== LISTED ENTRIES

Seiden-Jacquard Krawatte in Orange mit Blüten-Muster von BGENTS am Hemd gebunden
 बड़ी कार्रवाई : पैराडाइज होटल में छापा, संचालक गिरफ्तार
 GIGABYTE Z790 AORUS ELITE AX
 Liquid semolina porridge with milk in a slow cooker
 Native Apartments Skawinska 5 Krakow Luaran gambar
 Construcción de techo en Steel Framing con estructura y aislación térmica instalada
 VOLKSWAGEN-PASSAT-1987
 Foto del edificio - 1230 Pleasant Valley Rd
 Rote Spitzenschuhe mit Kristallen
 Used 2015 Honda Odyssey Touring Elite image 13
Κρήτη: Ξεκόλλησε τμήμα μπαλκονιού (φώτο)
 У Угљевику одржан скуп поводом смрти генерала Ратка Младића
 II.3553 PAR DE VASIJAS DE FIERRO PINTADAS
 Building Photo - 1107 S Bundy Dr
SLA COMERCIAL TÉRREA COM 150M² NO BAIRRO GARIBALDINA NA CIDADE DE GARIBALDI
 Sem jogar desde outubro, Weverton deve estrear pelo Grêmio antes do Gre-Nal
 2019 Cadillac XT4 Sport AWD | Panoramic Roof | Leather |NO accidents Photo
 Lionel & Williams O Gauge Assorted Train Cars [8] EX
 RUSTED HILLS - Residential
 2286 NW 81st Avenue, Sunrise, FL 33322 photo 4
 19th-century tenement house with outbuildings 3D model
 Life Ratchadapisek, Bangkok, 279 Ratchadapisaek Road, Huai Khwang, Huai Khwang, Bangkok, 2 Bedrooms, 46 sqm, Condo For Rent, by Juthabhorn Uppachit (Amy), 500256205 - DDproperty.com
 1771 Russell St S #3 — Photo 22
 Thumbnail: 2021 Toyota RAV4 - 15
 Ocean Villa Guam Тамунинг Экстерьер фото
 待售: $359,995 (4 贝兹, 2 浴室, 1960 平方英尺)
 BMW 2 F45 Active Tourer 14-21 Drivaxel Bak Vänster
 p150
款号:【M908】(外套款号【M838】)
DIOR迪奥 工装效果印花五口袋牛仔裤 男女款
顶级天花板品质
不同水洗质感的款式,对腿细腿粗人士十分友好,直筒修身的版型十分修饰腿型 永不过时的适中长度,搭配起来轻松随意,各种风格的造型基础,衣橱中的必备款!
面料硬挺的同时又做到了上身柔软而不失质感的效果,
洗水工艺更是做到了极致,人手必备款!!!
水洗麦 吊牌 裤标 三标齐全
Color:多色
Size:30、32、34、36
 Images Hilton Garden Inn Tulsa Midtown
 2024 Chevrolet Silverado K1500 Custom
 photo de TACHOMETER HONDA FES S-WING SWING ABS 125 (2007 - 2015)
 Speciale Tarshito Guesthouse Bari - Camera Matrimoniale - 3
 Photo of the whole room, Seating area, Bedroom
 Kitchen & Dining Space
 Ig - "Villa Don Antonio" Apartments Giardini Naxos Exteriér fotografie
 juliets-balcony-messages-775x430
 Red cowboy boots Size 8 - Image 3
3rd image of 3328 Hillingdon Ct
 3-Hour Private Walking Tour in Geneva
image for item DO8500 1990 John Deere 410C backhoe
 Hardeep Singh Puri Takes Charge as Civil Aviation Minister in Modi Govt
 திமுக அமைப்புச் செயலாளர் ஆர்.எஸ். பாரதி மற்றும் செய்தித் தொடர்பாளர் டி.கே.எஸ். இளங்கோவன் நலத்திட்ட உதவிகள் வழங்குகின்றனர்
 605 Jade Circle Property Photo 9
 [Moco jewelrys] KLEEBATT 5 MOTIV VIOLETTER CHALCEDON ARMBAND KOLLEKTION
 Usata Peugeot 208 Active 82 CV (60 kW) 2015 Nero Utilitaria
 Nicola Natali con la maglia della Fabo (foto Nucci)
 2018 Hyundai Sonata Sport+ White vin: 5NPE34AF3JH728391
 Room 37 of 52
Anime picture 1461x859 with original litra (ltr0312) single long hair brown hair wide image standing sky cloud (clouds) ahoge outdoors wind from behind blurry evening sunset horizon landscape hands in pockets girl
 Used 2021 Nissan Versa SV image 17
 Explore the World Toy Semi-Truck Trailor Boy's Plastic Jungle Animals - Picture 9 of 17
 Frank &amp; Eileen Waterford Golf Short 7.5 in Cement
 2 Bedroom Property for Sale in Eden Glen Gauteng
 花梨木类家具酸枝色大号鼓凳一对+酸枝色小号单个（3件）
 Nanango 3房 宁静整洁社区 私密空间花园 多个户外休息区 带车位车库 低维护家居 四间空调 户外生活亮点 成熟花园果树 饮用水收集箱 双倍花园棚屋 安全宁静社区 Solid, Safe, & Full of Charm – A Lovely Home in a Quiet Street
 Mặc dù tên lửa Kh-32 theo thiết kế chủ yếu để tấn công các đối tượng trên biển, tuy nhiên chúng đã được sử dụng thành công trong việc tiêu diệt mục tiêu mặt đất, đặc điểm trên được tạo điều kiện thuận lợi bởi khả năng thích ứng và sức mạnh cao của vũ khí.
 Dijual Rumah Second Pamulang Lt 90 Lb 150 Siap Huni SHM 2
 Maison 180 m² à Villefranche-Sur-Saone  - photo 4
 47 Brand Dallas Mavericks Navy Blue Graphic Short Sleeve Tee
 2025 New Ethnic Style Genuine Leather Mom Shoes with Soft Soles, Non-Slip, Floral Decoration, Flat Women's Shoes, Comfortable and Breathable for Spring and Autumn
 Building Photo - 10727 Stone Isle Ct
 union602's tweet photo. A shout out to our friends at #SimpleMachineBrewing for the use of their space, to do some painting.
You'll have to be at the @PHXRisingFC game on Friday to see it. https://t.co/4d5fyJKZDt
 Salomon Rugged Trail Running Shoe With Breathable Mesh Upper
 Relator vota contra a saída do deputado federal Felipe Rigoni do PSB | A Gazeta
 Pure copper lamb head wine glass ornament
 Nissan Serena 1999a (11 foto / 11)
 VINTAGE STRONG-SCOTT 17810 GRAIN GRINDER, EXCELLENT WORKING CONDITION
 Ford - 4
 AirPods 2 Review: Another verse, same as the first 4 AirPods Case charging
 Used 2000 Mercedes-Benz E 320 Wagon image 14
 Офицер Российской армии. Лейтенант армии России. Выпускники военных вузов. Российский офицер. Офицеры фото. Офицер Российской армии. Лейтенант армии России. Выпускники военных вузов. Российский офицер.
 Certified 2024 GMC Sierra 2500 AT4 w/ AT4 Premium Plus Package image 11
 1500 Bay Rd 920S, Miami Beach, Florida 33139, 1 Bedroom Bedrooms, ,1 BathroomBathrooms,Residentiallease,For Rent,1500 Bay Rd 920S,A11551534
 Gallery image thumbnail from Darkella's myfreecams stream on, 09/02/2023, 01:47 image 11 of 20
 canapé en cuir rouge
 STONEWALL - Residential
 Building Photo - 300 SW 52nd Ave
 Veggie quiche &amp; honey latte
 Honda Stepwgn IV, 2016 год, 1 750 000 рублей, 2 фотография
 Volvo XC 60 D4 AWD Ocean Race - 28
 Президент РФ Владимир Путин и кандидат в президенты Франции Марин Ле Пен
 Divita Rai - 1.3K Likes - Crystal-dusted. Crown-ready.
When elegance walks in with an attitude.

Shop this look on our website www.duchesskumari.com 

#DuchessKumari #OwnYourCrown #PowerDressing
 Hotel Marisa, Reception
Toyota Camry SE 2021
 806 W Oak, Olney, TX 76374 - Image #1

====

● **WORK TO BE COMPLETED**
In the records above, tally the lines where the word "Toyota" appears, and give the number and nothing else.

● **EXERCISE RESULT**
2